Так дед с бабушкой стали четой Виски. Потом бабушка во время получения паспорта, сунула чиновнику двадцатку и попросила вписать в фамилию букву "н" − так они стали Вински.
Впервые Джек Вински познакомился с, − можно сказать − родовым напитком в Рождественскую ночь. Мальчик встал среди ночи и отправился в туалет по малой нужде. Дверь гостиной оказалась открытой, там в кресле дремал дед, бабушка ушла спать. По телевизору показывали веселое праздничное шоу: тети в бикини и толстые дяди в шубах, все в красно-белых шапках, непристойно прыгали, гоготали, изо всех сил пытаясь разбудить дремлющих у телевизоров зрителей, объевшихся индейкой. На столике перед дедом стояла красивая бутыль в золотых наклейках. Мальчик на цыпочках подкрался к столику, двумя руками поднял бутылку и сделал длинный глоток. Видимо, напиток был дорогой и качественный, поэтому на вкус напоминал теплый кисель, а не дешевый виски, от употребления которого дедушка дергался и дышал, как лошадь. Позже дед рассекретил юноше марку напитка − да, да, им оказался 18-летний гленливет, к которому Джек воспылал уважением на всю жизнь. По телу мальчика растеклась волна тепла, в голову ударила легкая круговерть, он почувствовал прилив смелости. Дед всхрапнул во сне, Джеки убежал в свою комнату, укрылся с головой пуховым одеялом, предавшись таинственным ощущениям. Ему тогда едва исполнилось пять лет. Он еще плохо выговаривал половину букв, его понимала только бабушка, другие члены семьи во время разговоров с Джеки всегда звали старушку в качестве переводчика.
А тут на утро, сын сходу заговорил на чистейшем бруклинском диалекте английского, потом даже прошипел несколько фраз по-польски, чем удивил взрослых, а себе прибавил немалую толику самоуважения.
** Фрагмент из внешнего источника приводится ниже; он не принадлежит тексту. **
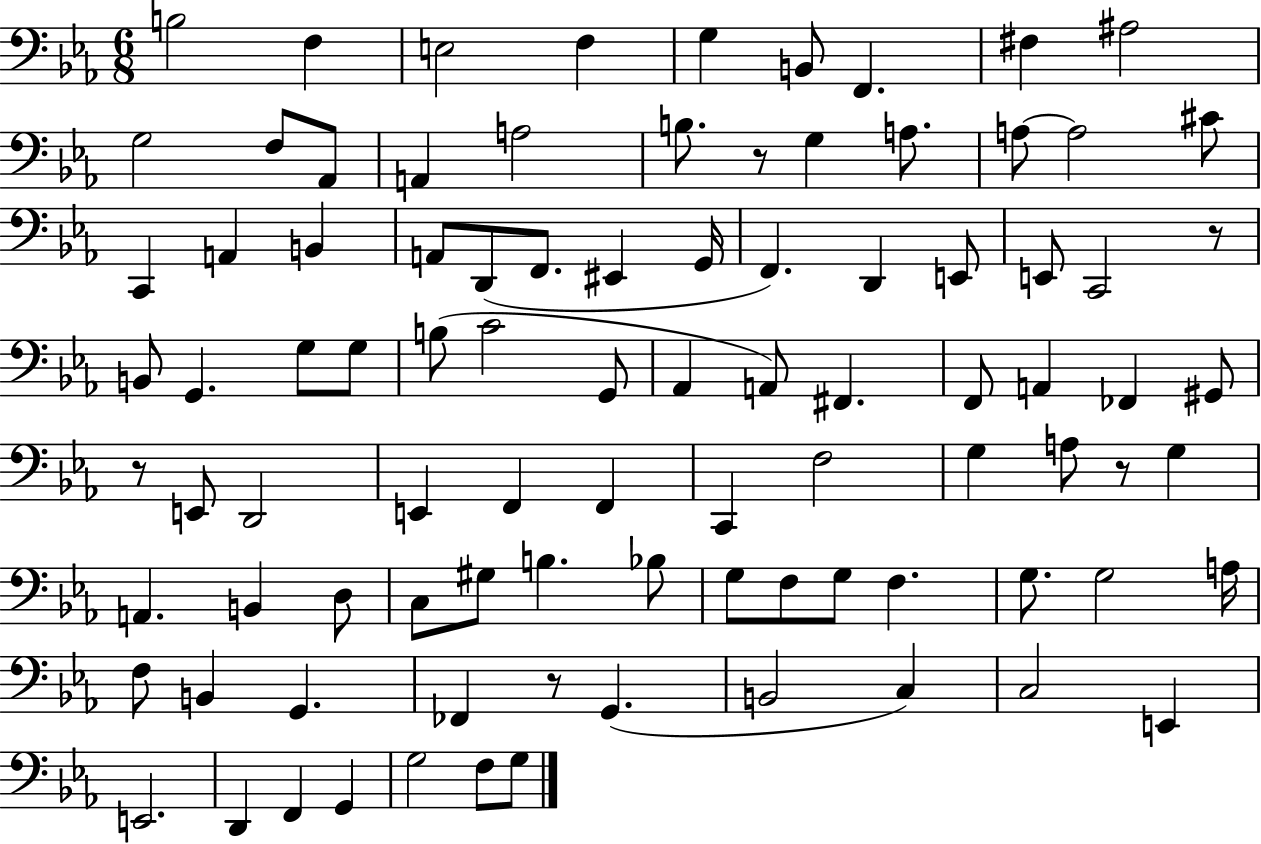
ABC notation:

X:1
T:Untitled
M:6/8
L:1/4
K:Eb
B,2 F, E,2 F, G, B,,/2 F,, ^F, ^A,2 G,2 F,/2 _A,,/2 A,, A,2 B,/2 z/2 G, A,/2 A,/2 A,2 ^C/2 C,, A,, B,, A,,/2 D,,/2 F,,/2 ^E,, G,,/4 F,, D,, E,,/2 E,,/2 C,,2 z/2 B,,/2 G,, G,/2 G,/2 B,/2 C2 G,,/2 _A,, A,,/2 ^F,, F,,/2 A,, _F,, ^G,,/2 z/2 E,,/2 D,,2 E,, F,, F,, C,, F,2 G, A,/2 z/2 G, A,, B,, D,/2 C,/2 ^G,/2 B, _B,/2 G,/2 F,/2 G,/2 F, G,/2 G,2 A,/4 F,/2 B,, G,, _F,, z/2 G,, B,,2 C, C,2 E,, E,,2 D,, F,, G,, G,2 F,/2 G,/2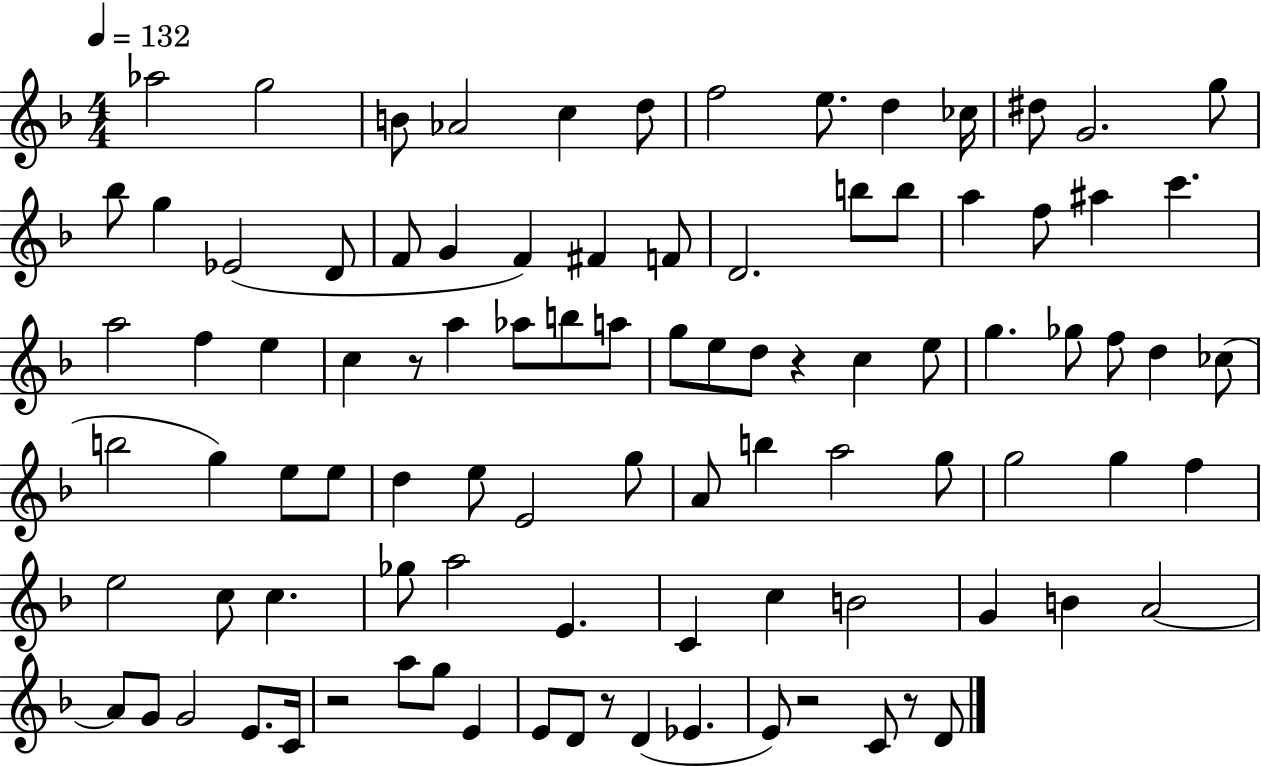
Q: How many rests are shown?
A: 6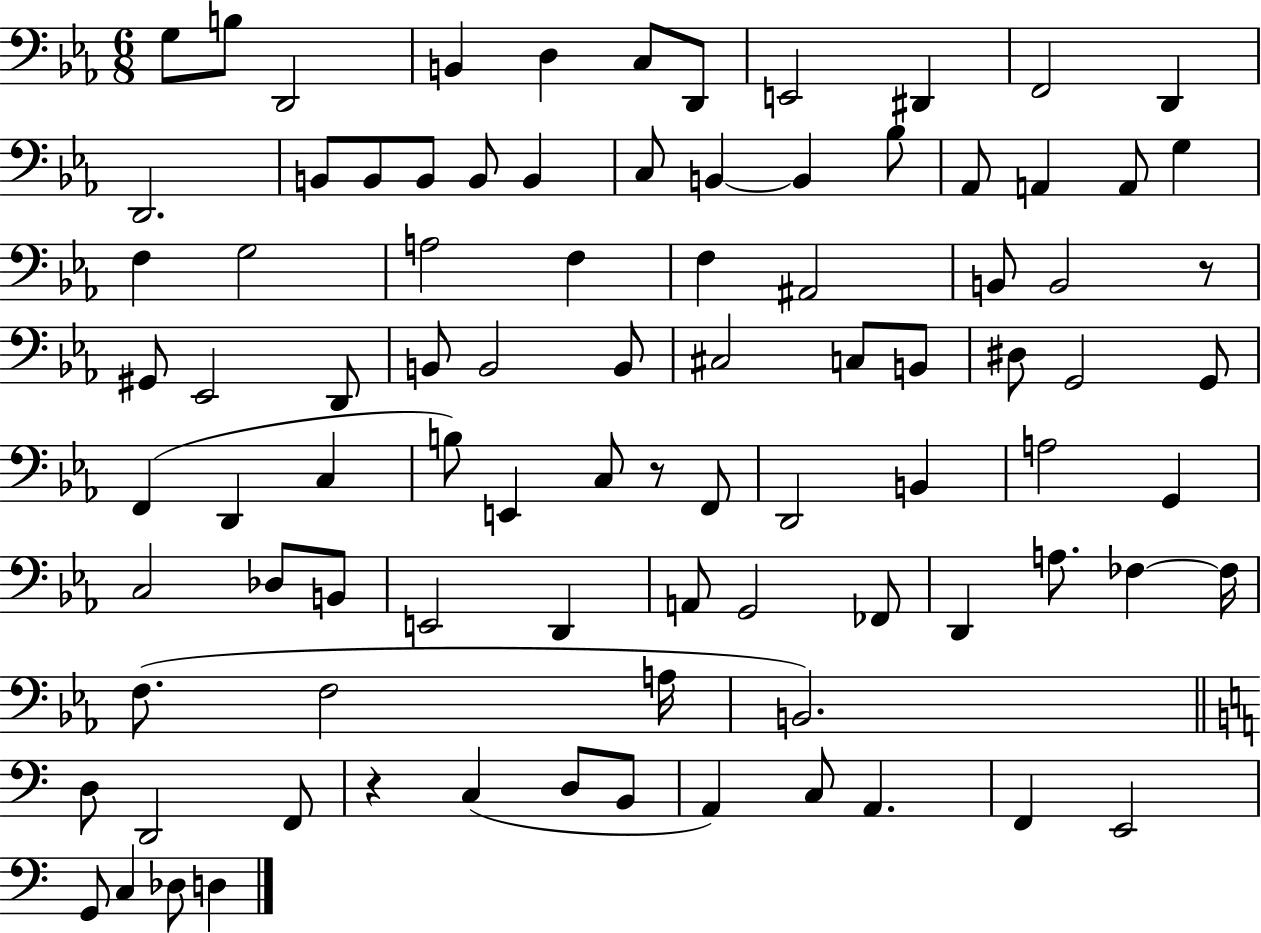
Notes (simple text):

G3/e B3/e D2/h B2/q D3/q C3/e D2/e E2/h D#2/q F2/h D2/q D2/h. B2/e B2/e B2/e B2/e B2/q C3/e B2/q B2/q Bb3/e Ab2/e A2/q A2/e G3/q F3/q G3/h A3/h F3/q F3/q A#2/h B2/e B2/h R/e G#2/e Eb2/h D2/e B2/e B2/h B2/e C#3/h C3/e B2/e D#3/e G2/h G2/e F2/q D2/q C3/q B3/e E2/q C3/e R/e F2/e D2/h B2/q A3/h G2/q C3/h Db3/e B2/e E2/h D2/q A2/e G2/h FES2/e D2/q A3/e. FES3/q FES3/s F3/e. F3/h A3/s B2/h. D3/e D2/h F2/e R/q C3/q D3/e B2/e A2/q C3/e A2/q. F2/q E2/h G2/e C3/q Db3/e D3/q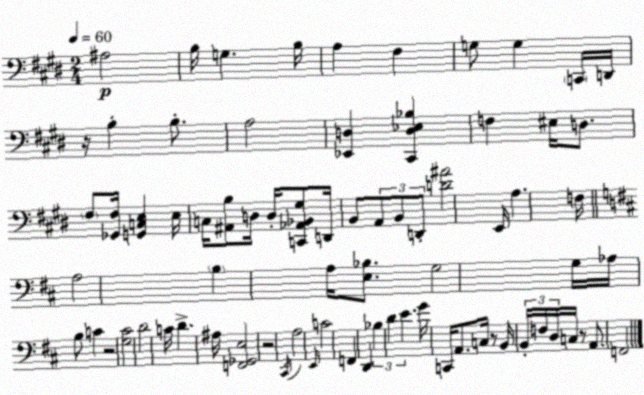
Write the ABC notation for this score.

X:1
T:Untitled
M:2/4
L:1/4
K:E
^A,2 B,/4 G, B,/4 A, ^F, G,/2 G, C,,/4 D,,/4 z/4 B, B,/2 A,2 [_E,,D,] [^C,,D,_E,_B,] F, ^E,/4 D,/2 ^F,/2 [_G,,^F,]/4 [G,,C,E,] E,/4 C,/4 [^A,,B,]/2 D,/4 D,/4 [C,,_A,,_B,,^G,]/2 D,,/4 B,,/2 A,,/2 B,,/2 D,,/2 [D^A]2 E,,/4 A, F,/4 A,2 B, A,/4 [E,_B,]/2 G,2 G,/4 _A,/4 B,/2 C z2 [G,^C]2 D2 C/4 D ^A,/4 [F,,_G,,E,]2 z2 ^C,,/4 A,2 E,,/4 C2 F,, D,, _B, D E G/4 C,,/4 A,,/2 C,/4 z/2 B,,/4 B,,/4 F,/4 D,/4 C,/4 z/2 A,,/2 F,,2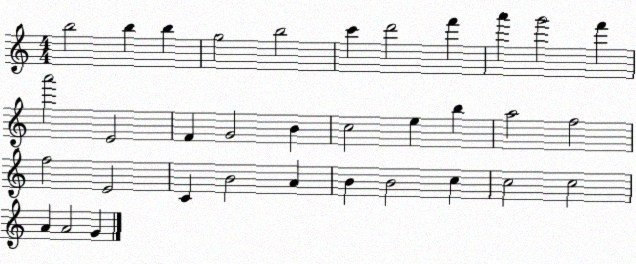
X:1
T:Untitled
M:4/4
L:1/4
K:C
b2 b b g2 b2 c' d'2 f' a' g'2 f' a'2 E2 F G2 B c2 e b a2 f2 f2 E2 C B2 A B B2 c c2 c2 A A2 G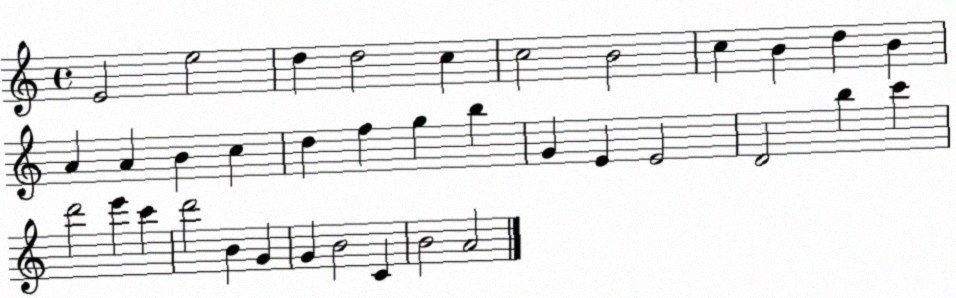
X:1
T:Untitled
M:4/4
L:1/4
K:C
E2 e2 d d2 c c2 B2 c B d B A A B c d f g b G E E2 D2 b c' d'2 e' c' d'2 B G G B2 C B2 A2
И еще через несколько месяцев Джек обнаружил в себе совершенно незнакомое качество. Раньше он избегал встреч со старшими мальчишками, они всегда кричали, размахивали руками, чем старательно пугали окружающих и самого Джека. Ввиду нарождающейся драки, он бочком, бочком сбегал домой. А тут вдруг − откуда что взялось! Шестилетний мальчик сам первым бросался с кулаками на хулиганов, неважно какого возраста и габаритов, при этом синие глаза искрили голубыми молниями дикой храбрости, а те позорно сбегали прочь, только пятки сверкали. К пятнадцати годам возмужавший Джек Вински стал считаться на районе признанным авторитетом и даже получил от трех бандформирований приглашение вступить в их порочные ряды.